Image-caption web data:
* * * * * * *

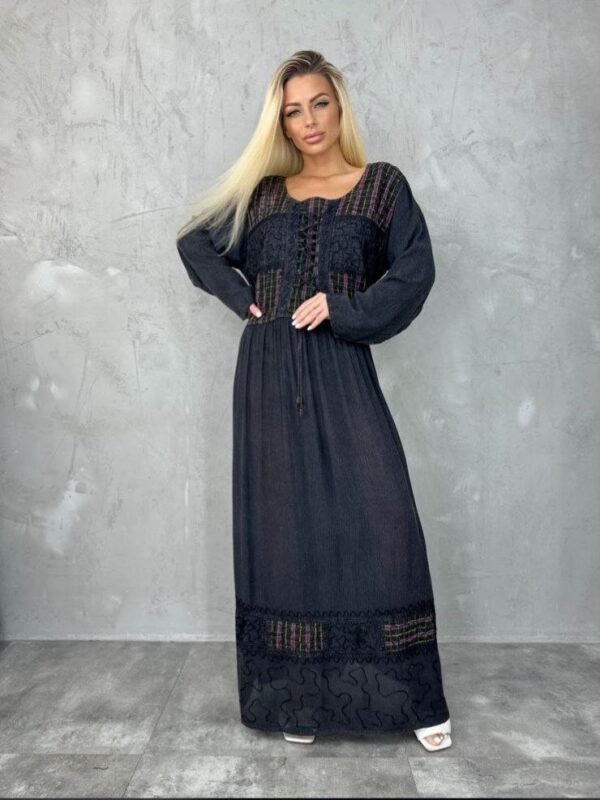 Elegant, Long, Cotton Mix Dress, Free Size up to 52 Bust, Ready to Wear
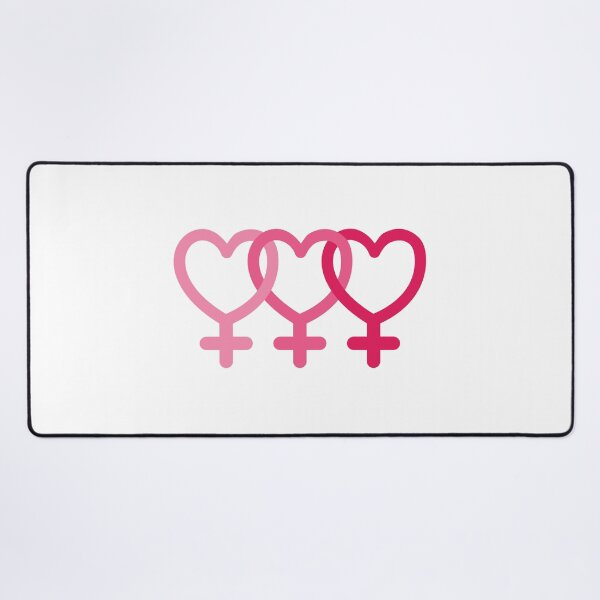 Item preview, Female Gender Symbol Hearts designed and sold by dottiedigitals.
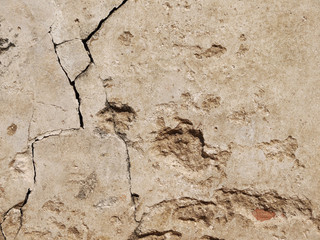 old wall with crack texture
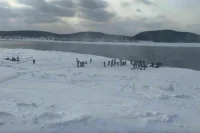 На Сахалине около 300 рыбаков унесло на льдине в Охотское море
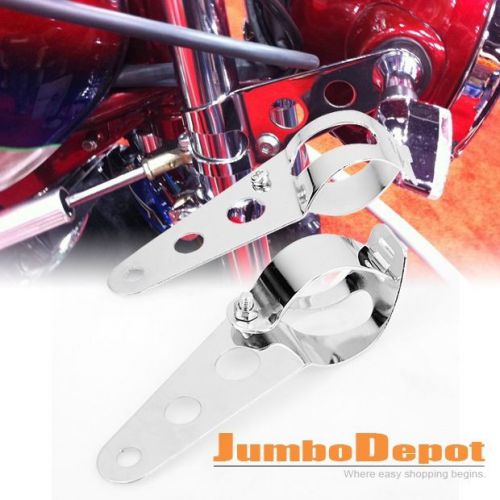 35-43mm new motorcycle headlight mount chrome bracket fork custom chopper bobber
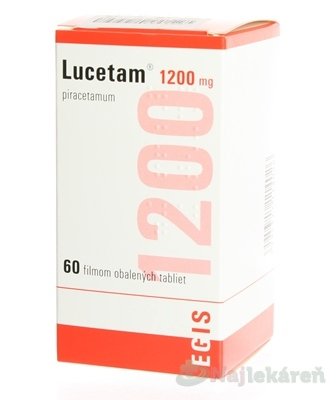 E-shop Lucetam 1200 mg na funkciu mozgových buniek, 60ks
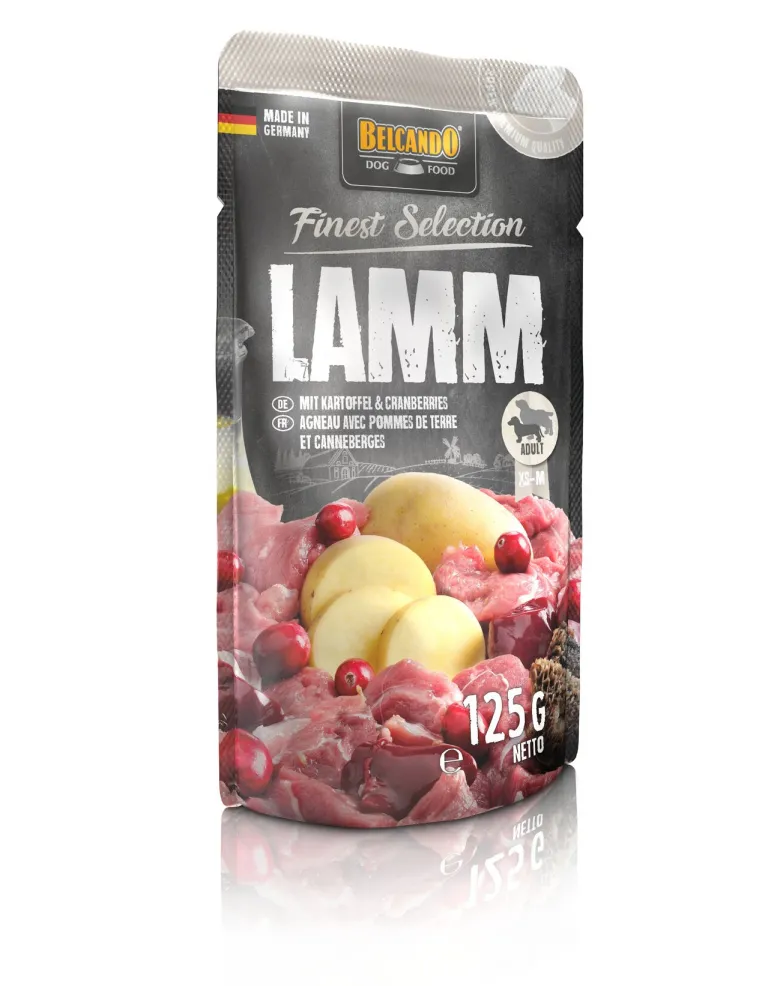 BELCANDO Bustina di agnello, patate e mirtilli rossi 125 g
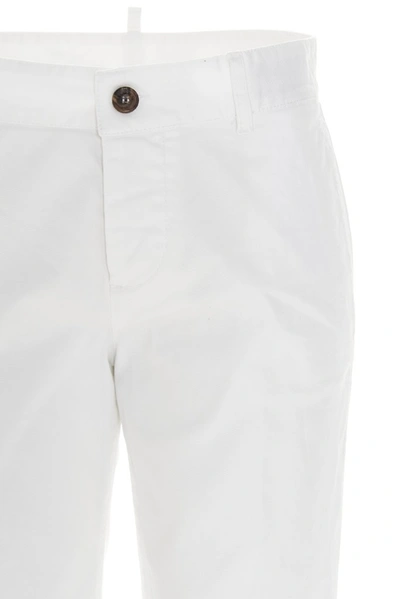 Shop Dsquared2 Cropped Trousers In White
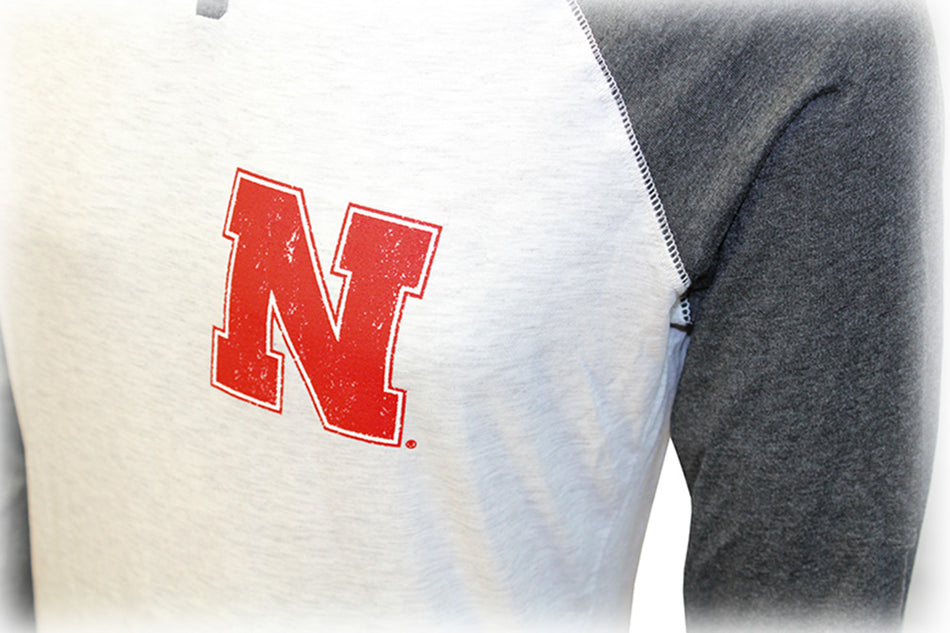 Grey Iron N Nebraska Henley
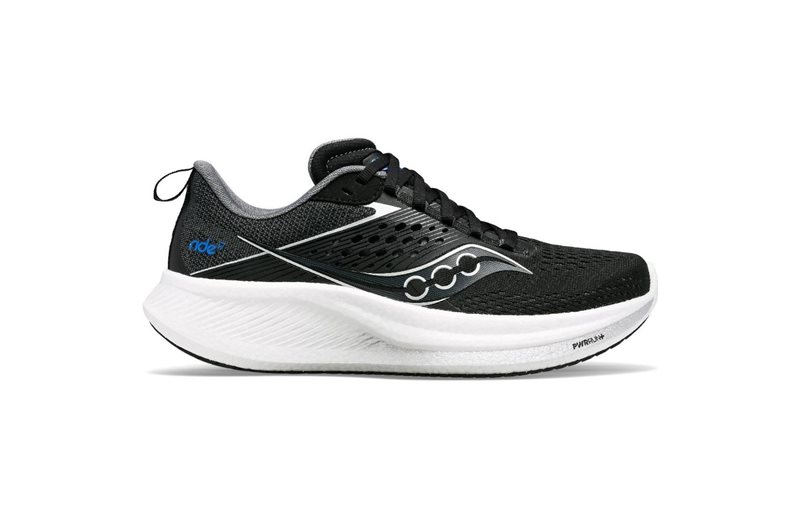 Saucony Naisten juoksukengät Ride 17 W Black/White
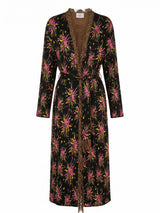 Midnight Bloom Fringe Robe
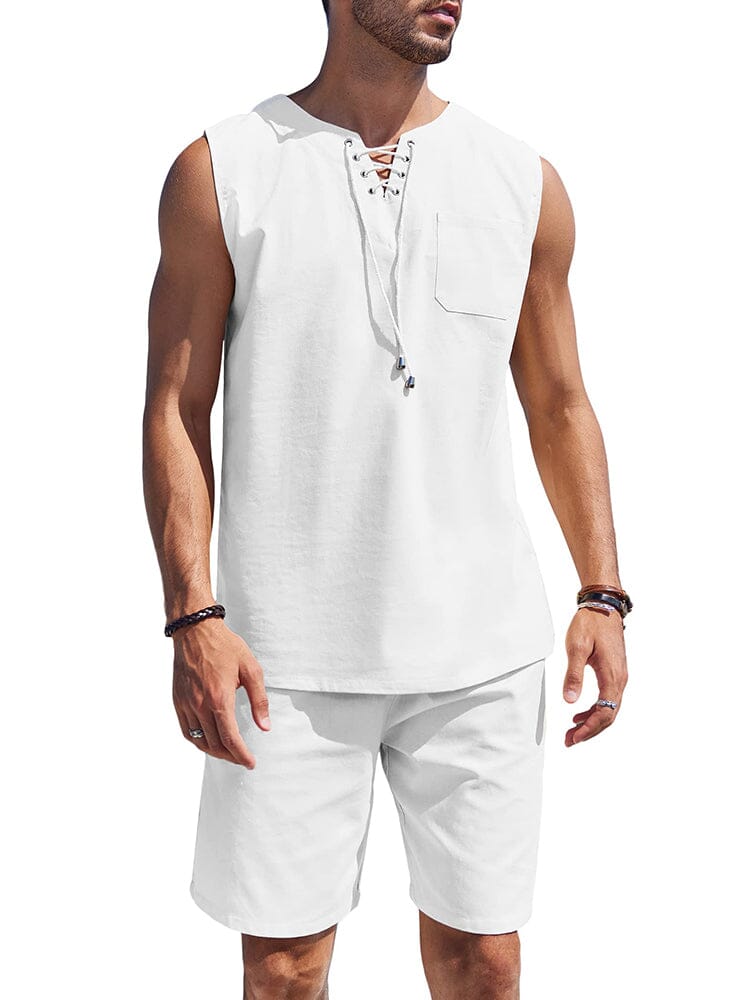 Marco – Breathable Linen Tank Top for Men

* * * * * * *

* WHAT THE EXERCISE ASKS: In the entries above, find the line with "Item preview, Female" and the line with "Grey Iron N Nebraska Henley". Return exactly those lines and all the ones between them, pictures excluded.

* ANSWER TO THIS TASK:
 Item preview, Female Gender Symbol Hearts designed and sold by dottiedigitals.
 old wall with crack texture
 На Сахалине около 300 рыбаков унесло на льдине в Охотское море
 35-43mm new motorcycle headlight mount chrome bracket fork custom chopper bobber
 E-shop Lucetam 1200 mg na funkciu mozgových buniek, 60ks
 BELCANDO Bustina di agnello, patate e mirtilli rossi 125 g
 Shop Dsquared2 Cropped Trousers In White
 Grey Iron N Nebraska Henley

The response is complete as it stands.